Remediation is expected to take about 15 years to complete, followed by 20 to 25 years of testing and monitoring to make any needed improvements to the site.
Some areas of the Faro Mine site will always remain under active management and monitoring:
Consultation and engagement
A key aspect of the Faro Mine Remediation Project has been ongoing consultation and engagement with Ross River Dena Council, Liard First Nation, Selkirk First Nation, the town of Faro and other interested parties. The project team is keeping these groups informed and involved.

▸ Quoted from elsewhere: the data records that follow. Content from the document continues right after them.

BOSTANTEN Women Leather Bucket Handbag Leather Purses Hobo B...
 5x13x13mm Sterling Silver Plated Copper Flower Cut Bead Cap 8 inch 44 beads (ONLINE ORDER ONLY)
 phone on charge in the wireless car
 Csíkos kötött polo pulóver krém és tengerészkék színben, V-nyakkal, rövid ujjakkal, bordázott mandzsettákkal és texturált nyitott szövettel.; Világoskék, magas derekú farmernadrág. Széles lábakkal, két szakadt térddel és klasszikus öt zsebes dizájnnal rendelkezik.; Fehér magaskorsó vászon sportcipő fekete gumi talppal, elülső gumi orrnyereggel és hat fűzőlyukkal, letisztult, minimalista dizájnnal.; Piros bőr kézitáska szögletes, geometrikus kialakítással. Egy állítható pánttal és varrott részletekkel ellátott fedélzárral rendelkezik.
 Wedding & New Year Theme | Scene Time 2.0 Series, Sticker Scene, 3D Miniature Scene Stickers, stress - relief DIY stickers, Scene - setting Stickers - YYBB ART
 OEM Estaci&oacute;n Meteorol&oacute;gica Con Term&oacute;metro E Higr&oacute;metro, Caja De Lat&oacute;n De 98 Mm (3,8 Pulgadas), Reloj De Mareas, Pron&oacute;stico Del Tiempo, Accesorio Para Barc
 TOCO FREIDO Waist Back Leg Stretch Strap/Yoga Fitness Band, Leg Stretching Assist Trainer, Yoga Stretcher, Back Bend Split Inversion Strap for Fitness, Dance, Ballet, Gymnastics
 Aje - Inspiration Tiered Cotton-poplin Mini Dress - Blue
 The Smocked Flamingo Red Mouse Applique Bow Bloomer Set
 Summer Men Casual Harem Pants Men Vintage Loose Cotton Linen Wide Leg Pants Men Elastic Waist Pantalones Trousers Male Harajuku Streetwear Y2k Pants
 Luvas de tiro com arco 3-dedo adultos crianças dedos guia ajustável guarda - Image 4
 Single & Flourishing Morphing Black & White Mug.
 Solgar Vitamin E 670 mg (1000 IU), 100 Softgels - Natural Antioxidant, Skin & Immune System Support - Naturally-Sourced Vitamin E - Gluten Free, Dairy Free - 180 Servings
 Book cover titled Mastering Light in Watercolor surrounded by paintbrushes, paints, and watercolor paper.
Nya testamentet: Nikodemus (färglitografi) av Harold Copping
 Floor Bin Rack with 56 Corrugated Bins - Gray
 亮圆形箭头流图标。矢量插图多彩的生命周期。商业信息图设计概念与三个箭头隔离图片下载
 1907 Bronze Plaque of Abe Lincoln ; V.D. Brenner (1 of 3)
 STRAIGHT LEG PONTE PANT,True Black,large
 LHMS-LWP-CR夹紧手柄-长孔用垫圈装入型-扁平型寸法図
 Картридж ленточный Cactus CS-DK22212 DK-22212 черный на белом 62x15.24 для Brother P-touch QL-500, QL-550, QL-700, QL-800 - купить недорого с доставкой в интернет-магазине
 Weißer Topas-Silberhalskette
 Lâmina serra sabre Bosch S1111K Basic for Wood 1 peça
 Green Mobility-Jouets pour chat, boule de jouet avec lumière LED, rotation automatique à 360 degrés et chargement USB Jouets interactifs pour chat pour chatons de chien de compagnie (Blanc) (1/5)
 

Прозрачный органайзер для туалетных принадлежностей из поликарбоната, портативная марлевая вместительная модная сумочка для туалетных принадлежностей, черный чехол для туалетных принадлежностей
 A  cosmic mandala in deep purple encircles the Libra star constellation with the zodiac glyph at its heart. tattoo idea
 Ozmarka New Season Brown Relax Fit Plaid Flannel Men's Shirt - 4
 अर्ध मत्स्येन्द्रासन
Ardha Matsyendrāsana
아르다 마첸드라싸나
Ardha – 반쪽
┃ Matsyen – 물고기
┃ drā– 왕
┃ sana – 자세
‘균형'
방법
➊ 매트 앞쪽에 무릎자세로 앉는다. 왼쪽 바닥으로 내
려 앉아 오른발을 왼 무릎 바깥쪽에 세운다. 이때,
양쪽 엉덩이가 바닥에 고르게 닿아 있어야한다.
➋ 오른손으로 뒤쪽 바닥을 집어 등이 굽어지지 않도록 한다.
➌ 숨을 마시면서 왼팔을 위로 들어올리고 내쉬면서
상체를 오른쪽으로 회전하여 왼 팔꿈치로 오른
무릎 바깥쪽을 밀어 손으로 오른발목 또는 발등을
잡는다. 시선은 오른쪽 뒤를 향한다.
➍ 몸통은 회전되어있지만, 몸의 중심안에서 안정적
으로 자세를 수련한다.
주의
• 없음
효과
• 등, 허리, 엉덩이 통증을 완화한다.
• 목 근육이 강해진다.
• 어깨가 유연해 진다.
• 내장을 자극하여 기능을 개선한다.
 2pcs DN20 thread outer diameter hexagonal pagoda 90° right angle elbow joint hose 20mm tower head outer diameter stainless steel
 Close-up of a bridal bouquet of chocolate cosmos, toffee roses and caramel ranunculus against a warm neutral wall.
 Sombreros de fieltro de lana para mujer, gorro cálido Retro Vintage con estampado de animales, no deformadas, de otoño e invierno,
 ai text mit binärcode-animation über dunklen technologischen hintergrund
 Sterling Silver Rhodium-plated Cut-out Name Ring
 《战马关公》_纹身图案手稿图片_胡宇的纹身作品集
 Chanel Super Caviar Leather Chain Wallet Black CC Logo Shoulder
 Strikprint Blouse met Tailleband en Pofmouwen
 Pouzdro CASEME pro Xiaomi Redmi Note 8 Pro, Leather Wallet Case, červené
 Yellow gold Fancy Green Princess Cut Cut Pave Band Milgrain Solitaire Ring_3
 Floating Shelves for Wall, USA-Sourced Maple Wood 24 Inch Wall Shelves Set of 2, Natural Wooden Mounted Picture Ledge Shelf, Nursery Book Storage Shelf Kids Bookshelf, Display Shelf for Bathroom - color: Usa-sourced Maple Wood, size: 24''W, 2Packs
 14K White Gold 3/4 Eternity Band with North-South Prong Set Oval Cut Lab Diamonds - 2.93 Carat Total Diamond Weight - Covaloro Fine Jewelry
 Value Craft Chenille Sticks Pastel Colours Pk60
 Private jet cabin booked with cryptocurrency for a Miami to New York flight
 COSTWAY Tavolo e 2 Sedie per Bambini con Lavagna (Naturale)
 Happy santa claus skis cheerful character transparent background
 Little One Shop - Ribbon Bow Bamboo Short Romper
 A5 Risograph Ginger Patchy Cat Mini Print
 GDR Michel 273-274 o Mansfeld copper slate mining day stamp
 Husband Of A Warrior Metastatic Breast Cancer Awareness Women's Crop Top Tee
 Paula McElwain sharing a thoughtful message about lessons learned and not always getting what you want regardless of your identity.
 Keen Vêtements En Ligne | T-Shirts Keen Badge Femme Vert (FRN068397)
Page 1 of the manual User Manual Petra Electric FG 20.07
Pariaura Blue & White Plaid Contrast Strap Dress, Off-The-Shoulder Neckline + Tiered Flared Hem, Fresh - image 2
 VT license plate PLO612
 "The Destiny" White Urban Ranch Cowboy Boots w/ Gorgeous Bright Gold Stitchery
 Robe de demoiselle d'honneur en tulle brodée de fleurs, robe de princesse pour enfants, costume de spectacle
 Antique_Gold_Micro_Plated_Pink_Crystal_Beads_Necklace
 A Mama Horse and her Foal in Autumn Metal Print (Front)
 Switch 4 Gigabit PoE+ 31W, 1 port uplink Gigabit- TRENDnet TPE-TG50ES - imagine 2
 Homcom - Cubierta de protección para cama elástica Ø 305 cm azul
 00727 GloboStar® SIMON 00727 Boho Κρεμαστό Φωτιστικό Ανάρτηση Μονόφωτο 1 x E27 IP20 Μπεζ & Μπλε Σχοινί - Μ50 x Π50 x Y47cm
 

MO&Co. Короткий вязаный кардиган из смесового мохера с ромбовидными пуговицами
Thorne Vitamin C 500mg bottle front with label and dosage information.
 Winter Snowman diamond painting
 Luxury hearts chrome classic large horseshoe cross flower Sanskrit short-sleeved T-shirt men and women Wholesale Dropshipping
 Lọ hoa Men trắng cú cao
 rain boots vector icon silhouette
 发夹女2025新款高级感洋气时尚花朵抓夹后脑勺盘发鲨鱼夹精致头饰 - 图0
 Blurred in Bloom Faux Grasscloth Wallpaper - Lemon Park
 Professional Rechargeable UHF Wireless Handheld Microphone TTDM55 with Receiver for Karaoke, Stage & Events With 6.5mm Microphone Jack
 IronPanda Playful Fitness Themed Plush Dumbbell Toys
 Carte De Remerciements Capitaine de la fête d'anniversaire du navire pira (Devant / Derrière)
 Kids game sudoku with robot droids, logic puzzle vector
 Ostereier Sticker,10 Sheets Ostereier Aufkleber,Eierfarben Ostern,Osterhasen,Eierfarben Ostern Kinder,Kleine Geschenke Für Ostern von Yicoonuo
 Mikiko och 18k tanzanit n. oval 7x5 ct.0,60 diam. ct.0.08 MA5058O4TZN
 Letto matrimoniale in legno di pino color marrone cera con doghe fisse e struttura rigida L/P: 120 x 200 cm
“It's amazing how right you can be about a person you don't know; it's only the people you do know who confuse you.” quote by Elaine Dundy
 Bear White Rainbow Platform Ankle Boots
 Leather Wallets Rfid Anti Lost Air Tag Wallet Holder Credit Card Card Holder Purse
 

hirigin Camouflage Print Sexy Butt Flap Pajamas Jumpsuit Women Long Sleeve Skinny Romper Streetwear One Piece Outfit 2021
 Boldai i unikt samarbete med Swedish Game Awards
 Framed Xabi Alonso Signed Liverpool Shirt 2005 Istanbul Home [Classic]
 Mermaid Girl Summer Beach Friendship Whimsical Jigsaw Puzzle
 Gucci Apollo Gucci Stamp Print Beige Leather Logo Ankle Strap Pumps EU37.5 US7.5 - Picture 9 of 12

- Faro Mine Remediation Project Consultation: Phase 1
- Faro Mine Remediation Project Consultation: Phase 2
- What We Heard: Faro Mine Remediation Project, summer 2017 public consultation summary
Through an on-going and respectful nation-to-nation dialogue, the Faro Mine Remediation Project will continue as a partnership with local First Nations. There is a commitment to provide training and jobs for local First Nations and other Yukoners ranging from specialized services to general labour.
Contracting and jobs
The Faro Mine interim construction manager funding agreement has been awarded to Parsons, Inc. This is an important step forward in the Faro Mine Remediation Project. Parsons will be responsible for managing immediate projects at the site and ensuring that First Nation and Yukon workers and subcontractors have priority. Any of the work for the Faro Mine Remediation Project that is procured by Parsons Inc will be tendered through merx.com.
Any of the work for the Faro Mine Remediation Project that is procured by the Government of Canada will be tendered and awarded through buyandsell.gc.ca. You can find requests for proposals or tenders by using the key words "Faro Mine" in the search field.